Text Mining the Coffin Texts

Text Mining the Coffin Texts (TM-CT) is a project financed by the Spanish Ministry for Science, Innovation and Universities, which runs at the University of Alcalá (2024-2026).


The main objective of the TM-CT project is to link the MORTEXVAR database with the images from the reference publication of the hieroglyphic version of this corpus (CT I-VIII). TM-CT will provide open access to the full database of the Coffin Texts corpus, with - expectedly - all text variants available in transliteration (alphabetic chain) and translation into modern language(s). More specifically, TM-CT will seek to

1. Trace the text variability of the whole corpus through the linking of the material philological information already in place (transliteration, translation, in-document location, geographical and chronological distribution of the texts) with the original publication of the hieroglyphic texts (images).
2. Refine the study of the variations on the different witnesses by using the database to potentially identify textual, dialectal, diachronic and grammar indicators of change.
3. Generate inventories of spellings/signs using the OCR toolkit designed by the subproject OCR-PT-CT.

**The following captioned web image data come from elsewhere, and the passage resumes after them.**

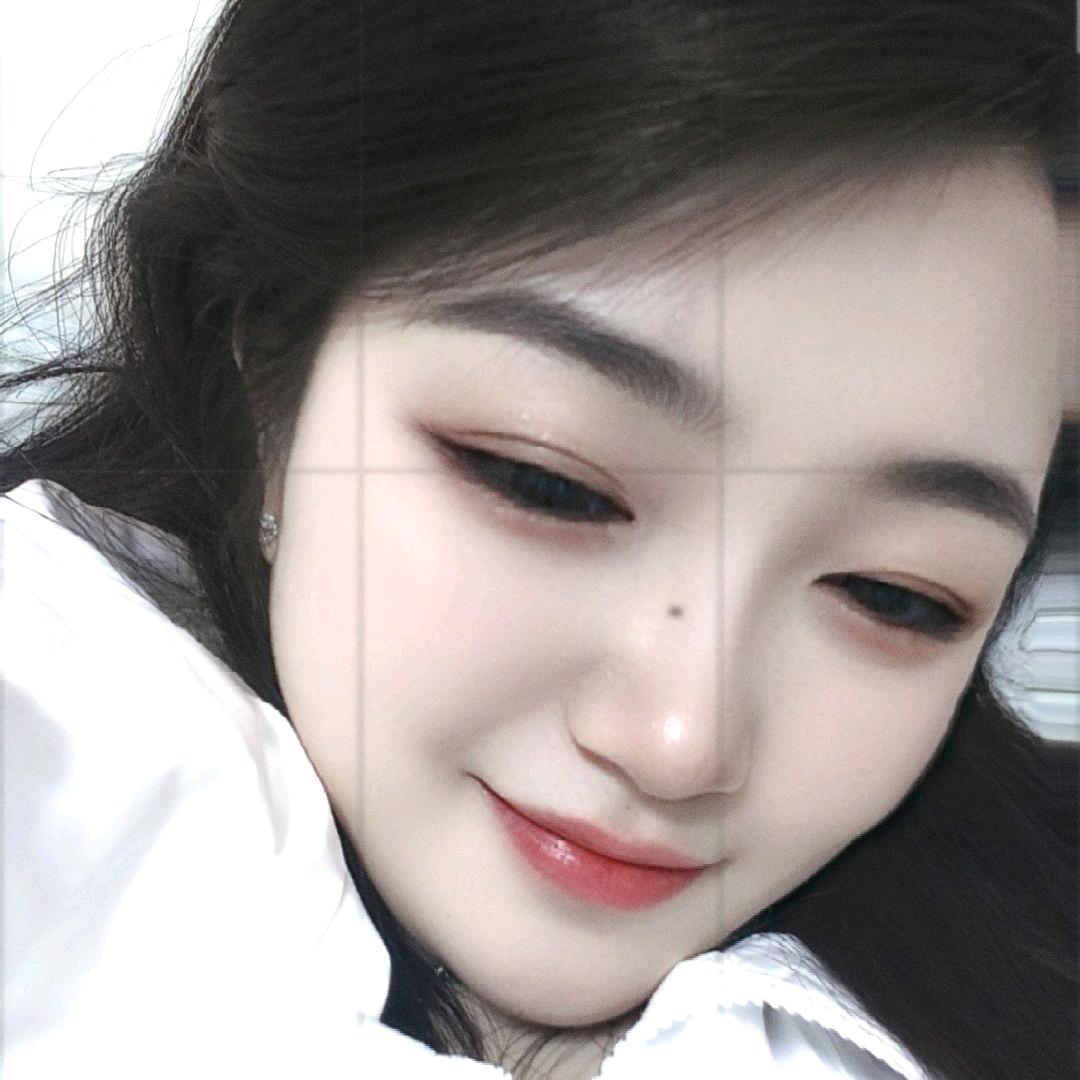 玲玲柒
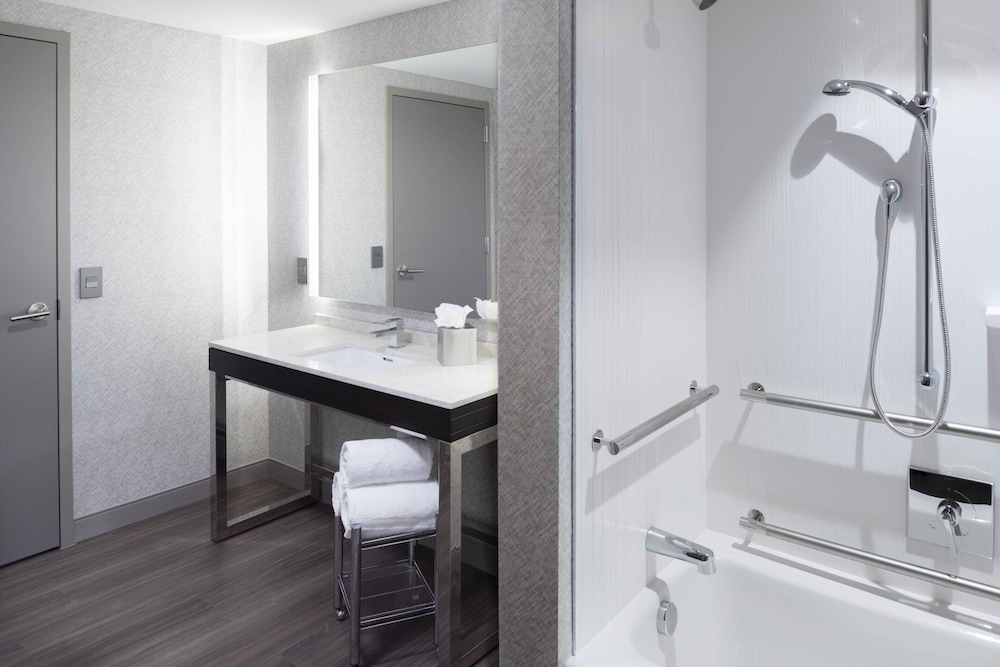 Suite, 1 Bedroom (Hearing Accessible)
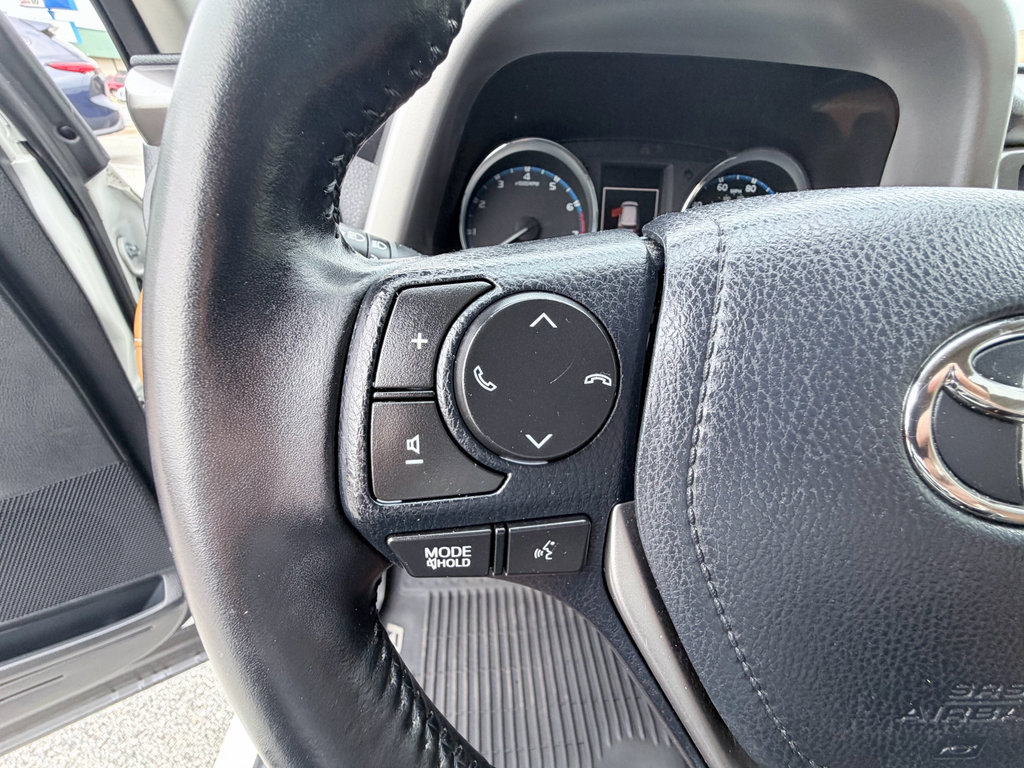 Used 2018 Toyota RAV4 Limited image 15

Earlier Ancient Egyptian mortuary texts constitute a privileged showcase for the profound ideological and material changes that occurred during the Middle Kingdom, especially between the second half of the Eleventh Dynasty and the first half of the Twelfth Dynasty. A corpus-driven approach appears as the more efficient and reliable method to provide a comprehensive assessment of the complex situation of the period. In such an approach, the corpus is not a mere object under study but also a control group; this, most importantly, implies that the corpus’ assessing value is privileged over any external model. Fundamental to corpus-driven approaches is corpus size and access to it. Earlier Ancient Egyptian mortuary texts are an ideal candidate because they include two large corpora: the authoritative editions of the Pyramid Texts (PT) and Coffin Texts (CT), which extend over six and seven volumes, respectively, plus one volume for the copies of PT on Middle Kingdom coffins. TM-CT will focus on the CT, an important amount of which is now available from the MORTEXVAR database beta version. This dataset will be enriched with the image dataset from the OCR-PT-CT and TTAE projects using a pre-trained artificial neural network based on the YOLO v3 strategy and Natural Language Process techniques.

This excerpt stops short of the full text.